The sphere is the simplest and most useful model of the Earth. Known properties of the sphere then serve as the base on which to build mapping of the sphere. A few of these simple properties are enumerated below. Suppose the center of the sphere is denoted as O. Choose any point P on the surface of the sphere. Join P to O. The line PO will pierce the sphere in another point, P'. The points P and P' are said to be antipodal (from "anti" "pedes": "opposite" "feet"): they are points at either end of the diameter of the earth sphere.
A plane may cut the earth sphere; it may be tangent to the sphere; or, it may not touch the sphere. If the plane cuts the sphere, and passes through O, then the trace the plane makes on the sphere surface is called a great circle. A great circle is the largest circle that can be drawn on the sphere. If the plane does not pass through O then the resulting circle on the sphere surface is called a small circle (smaller than a great circle). An infinite number of great circles and small circles are possible. The shortest distance (geodesic) between two points on a sphere is measured along an arc of a great circle. For antipodal points, geodesics are not unique; for all other pairs of points on the sphere, they are.

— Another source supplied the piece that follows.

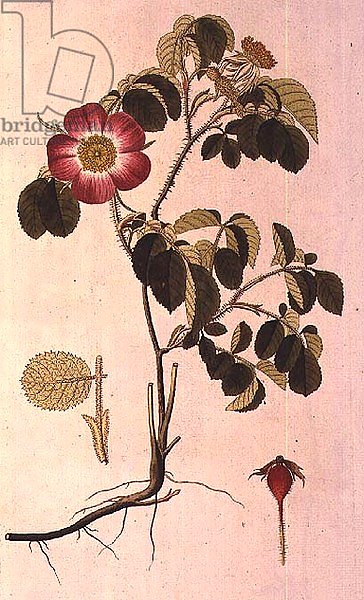 Rosa Pumila, from 'Les Roses' Vol II, 19th century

Coordinate systems are often useful (Figure 1.10). Great and small circles are conventionally used as coordinates on the earth sphere. Select the great circle that bisects the distance between designated north and south rotational poles of the Earth. Call that great circle the Equator. Introduce a set of small circles north and south of the Equator whose planes are parallel to the equatorial plane. These small circles are called parallels. The Equator serves as a horizontal axis used to reference positions of small circles (2nd parallel south, and so forth). Find a vertical axis. A pencil of planes orthogonal to the equatorial plane contains the north-south equatorial axis as a common line. Each of these orthogonal planes traces out a great circle passing through north and south poles. Halves of great circles going from pole to pole are called meridians. Contemporary use is to designate a half of a great circle that passes through Greenwich, England as the vertical reference line, or Prime Meridian. Positions of other meridians are thought of as east or west of the Prime Meridian.
Figure 1.10. The Earth sphere: coordinates using great and small circles.
Using the scheme described above, one might locate a point on the earth sphere as being at the intersection of the second parallel north and the fifth meridian east. While this description will work, it is relative to the globe in use. An infinite number of parallels and meridians are available. What is one person’s second parallel may in fact not be another person’s second parallel. Hence, this sort of relative coordinate scheme is not portable from one globe to another. Reference to standard spherical measure overcomes this problem, independent of the number of lines actually drawn on the globe. To calculate the displacement of a point P from the horizontal axis of the Equator, measure the number of degrees in a central angle of the sphere one of whose sides lies in the equatorial plane and the other of whose sides goes from O to P (Figure 1.11). This measure of north–south displacement is called latitude. To calculate the displacement of P from the Prime Meridian, measure the number of degrees in a central angle of the sphere one of whose sides lies in the plane of the Prime Meridian and the other of whose sides goes from O to P (Figure 1.11). This measure of east–west displacement is called longitude. These measures are standard from globe to globe.
Figure 1.11. Latitude and longitude displayed in the Earth sphere. (Base figure electronically modified from GeoSystems Global Corporation, http://www.geosys.com/cgi-bin/genobject/mapskills_latlong/tigdd27).
Even though the Earth is not a sphere, the globe is a fine model of the Earth in many regards. It is not easily portable and one cannot see all of it at once. Thus, an enduring problem in both mathematics and geography is to find ways to represent the spherical globe on a plane surface. The transformations that map the globe to the plane are called projections.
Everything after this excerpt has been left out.